On Monday, European stock markets were on a decline and the euro fell below the 99 cents mark for the first time in two decades.
In addition, there was also a rise in gas prices in Europe, after Russia announced that the Nord Stream 1 pipeline that supplies gas to the continent would remain shut.
No gas deliveries
The gas pipeline had been shut down for maintenance for three days and was scheduled for resuming supplies on Saturday.
However, Friday saw Russia scrap that deadline citing a leak and it did not provide a new one. This fueled concerns about an economic recession in the euro zone, as households and businesses take a hit due to rising energy prices.
With the market opening, there was a rise of almost 30% in gas prices in Europe.
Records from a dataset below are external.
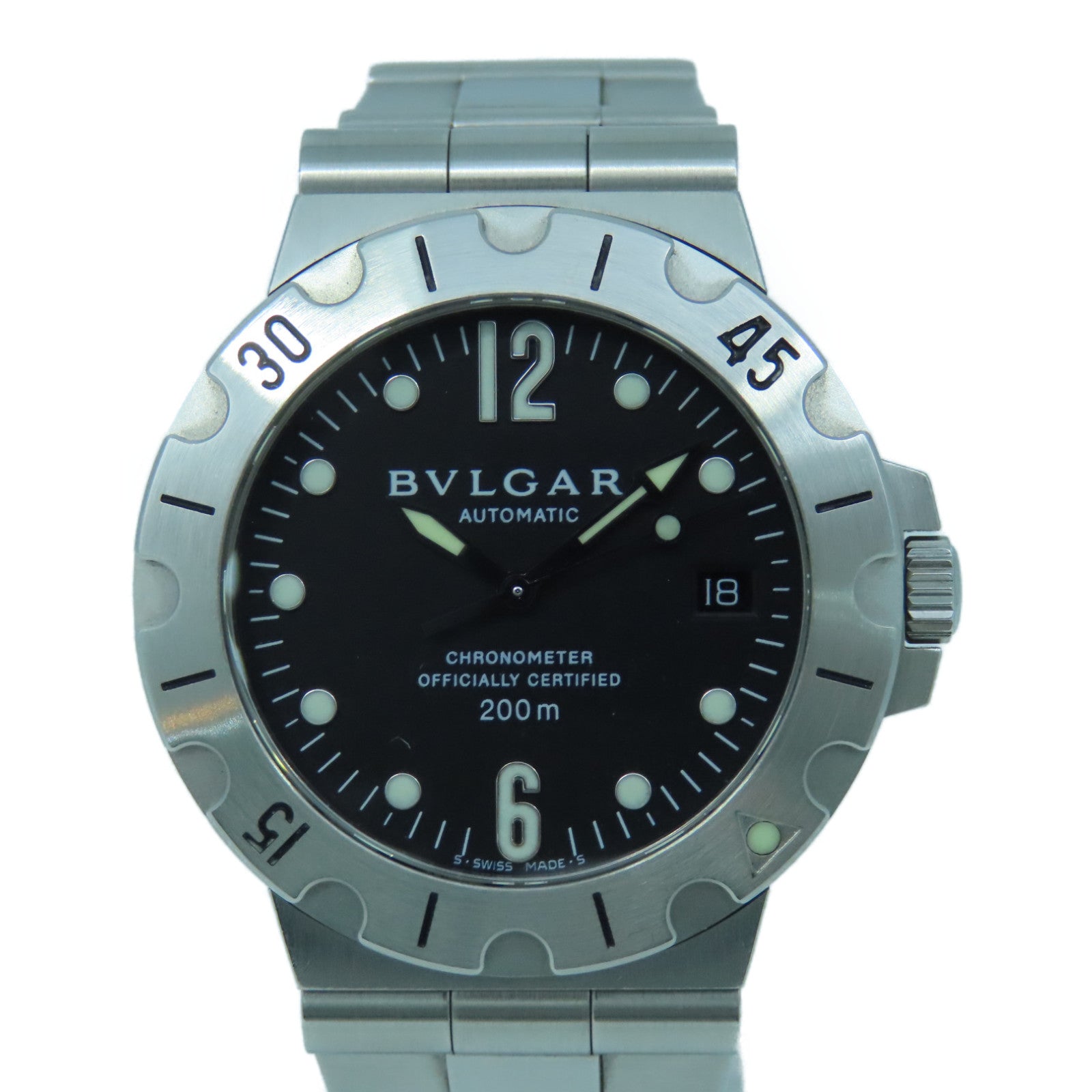 BVLGARI Watch不鏽鋼手錶自動機芯黒色
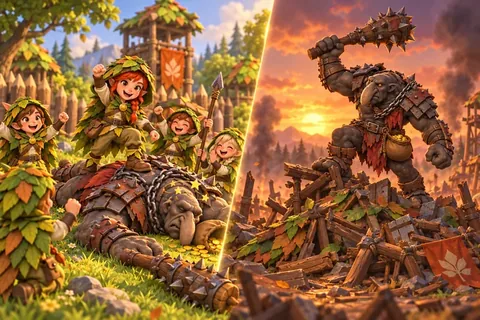 De um lado os Elfos comemoram sobre o Troll caído; do outro, o Troll vence sobre a base destruída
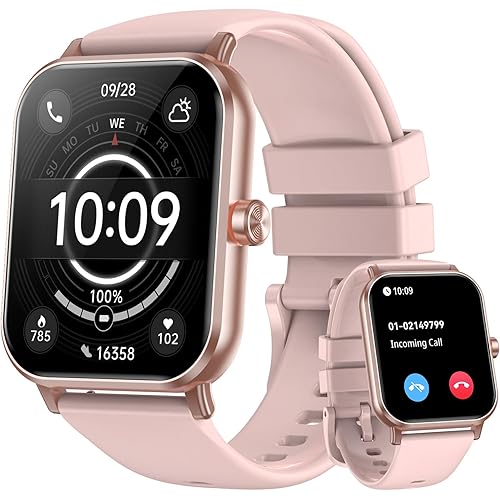 Smart Watch for Men Women, 1.85" HD Touchsreen Fitness Tracker, 120+ Sport Modes, 24/7 Heart Rate & Sleep Monitor, Pedometer, Calories, IP68 Waterproof, Fitness Watch for Android iPhone (Pink)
On Sunday, Germany had announced support of almost $65 billion for protecting people from rising prices.
Plans were also announced by Sweden and Finland for offering power companies guarantees of liquidity.
The economic affairs minister of Finland said that the energy industry could see something similar to a ‘Lehman Brothers’ crisis.
He was referring to collapse of the fourth-largest investment bank in the United States back in 2008, which triggered a financial recession.
Market analysts said that it was unclear as to whether the energy crisis can be mitigated through the support packages that the governments are offering in Europe.
They said that there is an enormous impact of what seems to be happening due to energy and there is only so much that can be done to help, but it cannot be fully offset.
On 9th September, there will be a meeting of energy ministers of the European Union for discussing options of controlling the rising prices of energy, which includes imposing caps on gas prices.
Moreover, they are also going to look into offering emergency credit lines to participants in the energy industry.
There was a 0.47% drop in the MSCI’s index of world shares that track stocks of 47 countries. As for the benchmark European STOXX 600 index, it shed 0.8%.
Earlier in the session, the pan-European index had come close to a low of seven weeks, but it managed to make a slight recovery.
There was also a 0.1% drop in UK’s blue-chip FTSE 100 index and a 2.3% fall was also recorded in the German DAX for the day.
There was reduced liquidity in the markets because Wall Street was closed for the Labor Day holiday, which could result in big market moves.
There was also a 0.3% drop in the euro for the day, which brought it down to $0.9925. It had declined during Asian trading hours and reached its lowest value since 2002 in early European hours at $0.9876.
There was also a rise in government bond yields in the euro zone, with 10-year Italian government bond yields close to 4%.
Later this week, the European Central Bank (ECB) is scheduled for a meeting and is likely going to hike its interest rate by 75 basis points.